#### Provided data
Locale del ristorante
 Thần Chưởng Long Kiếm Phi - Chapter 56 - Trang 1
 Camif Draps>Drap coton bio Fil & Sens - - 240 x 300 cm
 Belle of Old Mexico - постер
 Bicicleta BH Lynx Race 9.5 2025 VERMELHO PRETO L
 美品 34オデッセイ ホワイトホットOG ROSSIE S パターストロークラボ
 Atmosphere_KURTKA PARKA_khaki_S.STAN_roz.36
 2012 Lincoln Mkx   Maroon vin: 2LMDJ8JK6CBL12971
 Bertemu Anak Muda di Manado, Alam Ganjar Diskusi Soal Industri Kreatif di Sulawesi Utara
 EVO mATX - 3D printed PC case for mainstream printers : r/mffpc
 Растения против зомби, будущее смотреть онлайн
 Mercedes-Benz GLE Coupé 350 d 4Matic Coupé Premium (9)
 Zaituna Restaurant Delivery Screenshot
########
** Task prompt **
Word for word, write out every entry shown above.

** Solved problem **
Locale del ristorante
 Thần Chưởng Long Kiếm Phi - Chapter 56 - Trang 1
 Camif Draps>Drap coton bio Fil & Sens - - 240 x 300 cm
 Belle of Old Mexico - постер
 Bicicleta BH Lynx Race 9.5 2025 VERMELHO PRETO L
 美品 34オデッセイ ホワイトホットOG ROSSIE S パターストロークラボ
 Atmosphere_KURTKA PARKA_khaki_S.STAN_roz.36
 2012 Lincoln Mkx   Maroon vin: 2LMDJ8JK6CBL12971
 Bertemu Anak Muda di Manado, Alam Ganjar Diskusi Soal Industri Kreatif di Sulawesi Utara
 EVO mATX - 3D printed PC case for mainstream printers : r/mffpc
 Растения против зомби, будущее смотреть онлайн
 Mercedes-Benz GLE Coupé 350 d 4Matic Coupé Premium (9)
 Zaituna Restaurant Delivery Screenshot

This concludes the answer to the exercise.